The two versions of the bounds test find that five ports have a long-run relationship between biomass availability and landings: Gloucester, MA, Point Pleasant, NJ, Barnegat, NJ, Wildwood, NJ, and Cape May, NJ (Table 3). There is also some weaker evidence that Harwich, MA and Southampton, NY also have a long-run relationship; however, this relies on the “no constant” specification being correct. Chatham, MA, New London, CT, Chincoteague, VA, and Southampton, NY all have test statistics that fall in the inconclusive region that requires knowledge of the integration order of the landings and biomass. With the exception of landings in Southampton, NY, the augmented Dickey-Fuller stationarity tests fail to reject the null of nonstationarity at the 5 percent confidence level for any port's landings or biomass indexFootnote ¹⁶. Because the Dickey-Fuller tests indicate nonstationary landings and available biomass for these ports, we interpret the F-statistics for these ports as evidence of no long-run relationship. The bounds test implies no long-run relationship for the other ports, a somewhat surprising finding, given the results of the growth models.

Table 3. Bounds Tests for a long-run relationship between biomass and landings based on an Error Correction Model with up to two lags; lag length selected using BIC and a Breusch-Godfrey test for no serial correlation of residuals

Tests for stationarity of landings and available biomass at the port level. Ports arranged north to south. The Case I model for Hampton was mis-specified using one or two lags of the dependent variable.

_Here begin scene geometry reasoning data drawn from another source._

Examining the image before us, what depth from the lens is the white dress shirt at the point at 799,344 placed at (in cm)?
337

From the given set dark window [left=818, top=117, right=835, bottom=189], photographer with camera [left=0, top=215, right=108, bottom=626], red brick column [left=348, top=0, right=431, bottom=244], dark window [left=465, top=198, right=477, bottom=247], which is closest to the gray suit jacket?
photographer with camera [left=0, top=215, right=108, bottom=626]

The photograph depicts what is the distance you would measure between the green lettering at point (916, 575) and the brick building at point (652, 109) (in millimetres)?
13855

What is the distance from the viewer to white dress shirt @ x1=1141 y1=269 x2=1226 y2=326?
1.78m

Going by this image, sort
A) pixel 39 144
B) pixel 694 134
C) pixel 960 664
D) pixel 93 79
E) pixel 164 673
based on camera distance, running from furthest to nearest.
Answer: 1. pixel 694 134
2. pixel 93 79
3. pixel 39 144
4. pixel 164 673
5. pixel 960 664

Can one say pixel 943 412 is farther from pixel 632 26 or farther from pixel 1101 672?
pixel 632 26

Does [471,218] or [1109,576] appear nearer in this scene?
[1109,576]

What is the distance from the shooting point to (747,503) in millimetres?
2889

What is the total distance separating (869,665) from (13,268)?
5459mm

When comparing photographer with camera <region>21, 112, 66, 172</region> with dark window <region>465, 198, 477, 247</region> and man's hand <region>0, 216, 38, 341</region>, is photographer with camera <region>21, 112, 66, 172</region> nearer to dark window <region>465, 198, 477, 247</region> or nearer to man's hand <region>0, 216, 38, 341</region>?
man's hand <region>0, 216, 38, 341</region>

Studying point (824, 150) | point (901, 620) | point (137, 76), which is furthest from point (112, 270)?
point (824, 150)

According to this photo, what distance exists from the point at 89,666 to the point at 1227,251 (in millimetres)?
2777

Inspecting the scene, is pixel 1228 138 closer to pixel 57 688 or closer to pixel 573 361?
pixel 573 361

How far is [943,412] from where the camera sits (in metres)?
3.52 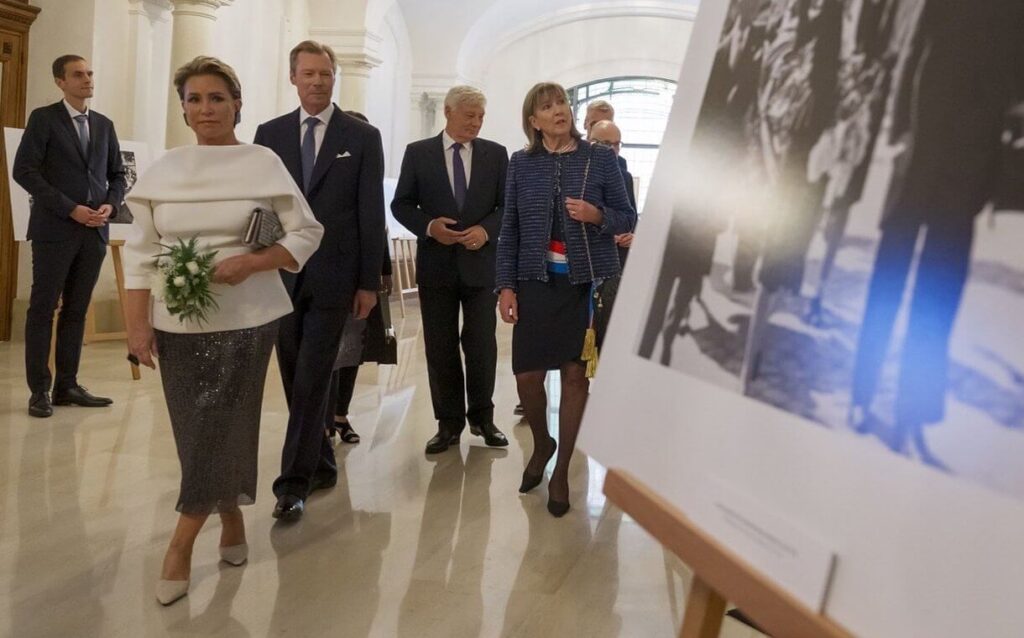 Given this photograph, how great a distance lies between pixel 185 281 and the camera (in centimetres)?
309

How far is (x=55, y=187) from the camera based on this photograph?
20.4ft

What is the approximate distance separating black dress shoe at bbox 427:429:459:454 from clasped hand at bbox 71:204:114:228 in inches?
88.2

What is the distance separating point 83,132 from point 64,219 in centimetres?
59

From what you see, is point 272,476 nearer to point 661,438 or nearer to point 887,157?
point 661,438

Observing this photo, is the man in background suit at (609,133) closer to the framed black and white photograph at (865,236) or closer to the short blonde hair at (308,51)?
the short blonde hair at (308,51)

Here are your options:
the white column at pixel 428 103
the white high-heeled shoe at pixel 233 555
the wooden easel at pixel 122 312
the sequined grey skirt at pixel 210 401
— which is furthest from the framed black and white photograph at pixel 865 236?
the white column at pixel 428 103

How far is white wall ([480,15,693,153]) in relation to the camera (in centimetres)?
1997

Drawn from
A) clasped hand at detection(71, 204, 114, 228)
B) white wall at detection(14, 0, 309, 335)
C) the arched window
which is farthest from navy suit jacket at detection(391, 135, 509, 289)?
the arched window

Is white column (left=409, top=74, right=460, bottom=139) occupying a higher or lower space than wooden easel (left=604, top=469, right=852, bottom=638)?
higher

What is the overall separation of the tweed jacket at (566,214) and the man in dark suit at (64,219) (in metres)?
2.87

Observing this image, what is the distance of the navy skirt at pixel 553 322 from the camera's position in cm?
439

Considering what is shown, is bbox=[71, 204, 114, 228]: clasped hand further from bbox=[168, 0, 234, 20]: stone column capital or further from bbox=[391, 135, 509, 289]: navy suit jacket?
bbox=[168, 0, 234, 20]: stone column capital

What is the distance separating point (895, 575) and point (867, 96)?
52 cm

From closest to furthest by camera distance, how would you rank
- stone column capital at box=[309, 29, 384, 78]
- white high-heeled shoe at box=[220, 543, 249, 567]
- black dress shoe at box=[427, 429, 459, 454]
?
Answer: white high-heeled shoe at box=[220, 543, 249, 567]
black dress shoe at box=[427, 429, 459, 454]
stone column capital at box=[309, 29, 384, 78] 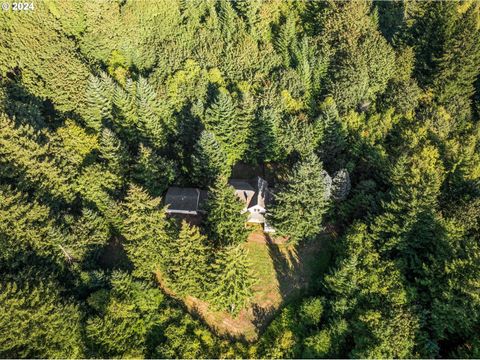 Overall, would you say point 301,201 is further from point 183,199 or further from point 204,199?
point 183,199

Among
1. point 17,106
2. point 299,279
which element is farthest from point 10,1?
point 299,279

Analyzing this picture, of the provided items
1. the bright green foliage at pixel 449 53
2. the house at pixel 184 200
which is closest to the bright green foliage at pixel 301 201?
the house at pixel 184 200

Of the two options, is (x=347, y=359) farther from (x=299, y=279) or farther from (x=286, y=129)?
(x=286, y=129)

^a Evidence of a long-run relationship between biomass and landings at the 5 percent confidence level.

^b Evidence of stationarity at a 5 percent confidence level.

We estimate equation 11 without a constant for the five ports with a long-run relationship, plus the two ports for which the evidence is mixed (Table 4)Footnote ¹⁷. Model fit is reasonable: R ² range from 0.42 to 0.58. The BIC values are used for model selection within ports but are not directly comparable across ports. Ports without a ΔLandings_t−1 coefficient in Table 4 correspond to an AR(1) model. The coefficient on landings_t−1 is the speed of adjustment: this varies nearly threefold from the port that adjusts fastest (Gloucester) to the port that adjusts the slowest (Barnegat). For all seven ports, increases in available biomass result in higher landings, as expected.

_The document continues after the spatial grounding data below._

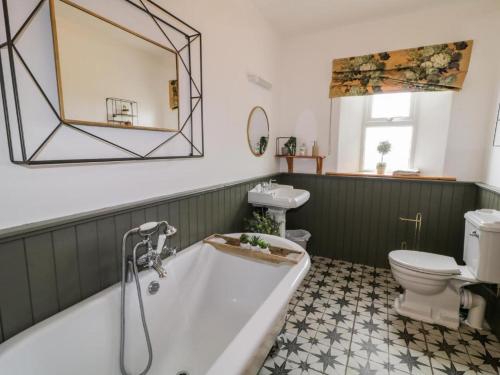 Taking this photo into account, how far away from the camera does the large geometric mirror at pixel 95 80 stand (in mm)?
1023

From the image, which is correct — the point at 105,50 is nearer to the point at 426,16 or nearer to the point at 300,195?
the point at 300,195

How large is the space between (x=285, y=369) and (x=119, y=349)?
973 mm

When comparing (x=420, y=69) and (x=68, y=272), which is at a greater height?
(x=420, y=69)

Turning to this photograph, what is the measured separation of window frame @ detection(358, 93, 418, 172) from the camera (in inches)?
114

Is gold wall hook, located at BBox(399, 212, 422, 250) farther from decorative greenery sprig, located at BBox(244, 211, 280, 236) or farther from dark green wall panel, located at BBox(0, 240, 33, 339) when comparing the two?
dark green wall panel, located at BBox(0, 240, 33, 339)

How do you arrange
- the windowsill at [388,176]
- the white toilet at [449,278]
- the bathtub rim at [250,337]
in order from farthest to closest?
the windowsill at [388,176], the white toilet at [449,278], the bathtub rim at [250,337]

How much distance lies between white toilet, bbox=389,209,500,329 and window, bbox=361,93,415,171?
3.57 feet

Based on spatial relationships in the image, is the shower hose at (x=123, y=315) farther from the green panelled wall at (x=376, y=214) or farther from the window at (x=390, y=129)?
the window at (x=390, y=129)

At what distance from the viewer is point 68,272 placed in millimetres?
1201

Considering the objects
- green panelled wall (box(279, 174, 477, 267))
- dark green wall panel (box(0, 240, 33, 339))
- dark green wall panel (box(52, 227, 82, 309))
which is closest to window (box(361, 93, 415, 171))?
green panelled wall (box(279, 174, 477, 267))

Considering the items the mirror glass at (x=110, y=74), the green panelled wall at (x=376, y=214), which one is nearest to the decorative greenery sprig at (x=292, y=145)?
the green panelled wall at (x=376, y=214)

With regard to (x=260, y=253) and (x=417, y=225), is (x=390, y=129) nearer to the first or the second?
(x=417, y=225)

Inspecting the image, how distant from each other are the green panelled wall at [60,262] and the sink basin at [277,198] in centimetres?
100

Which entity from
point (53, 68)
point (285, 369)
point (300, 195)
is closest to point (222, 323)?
point (285, 369)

Table 4. Model results, diagnostics, and derived long-run effects of available biomass on scallop landings for an ARDL with at most 2 lags of the dependent variable and no constant term

Standard errors for the long-run effects are computed using the delta method; elasticities are computed at average values. Ports are arranged north to south.

The fit of the short-run models ranges from nil to reasonable; R² range from less than 0.01 to 0.49 (Table 5). One of the more interesting findings is that the simple short-run model explains little variability in landings for the New England ports, but performs reasonably well for the Mid-Atlantic ports. The statistically significant coefficients on the available biomass index are positive.

Table 5. Model results and diagnostics for a short-run model (Equation 12)

Standard errors for four ports (Barnegat, Atlantic City, Chincoteague, and Hampton) computed using Newey-West standard errors due to autocorrelation of the residuals. The “Rank” column reports rank of that port in terms of scallop value over the time series and is presented for ease of interpretation.

^a Breusch-Godfrey statistic suggest autocorrelated residuals at the 10 percent significance level.

Chincoteague, VA is the exception; this port had relatively high scallop landings in the early 2000s, 2010, and 2014–2015 (Figure 4) when the biomass index was relatively low (Figure 3a). Conversely, scallop landings were relatively low from the mid 2000s through 2012 (except 2010), when biomass was high. This strong inverse relationship is quite surprising. One explanation could be that fishing vessels that use this port have a particularly strong preference to continue operating from that port while vessels using the other ports are more footloose.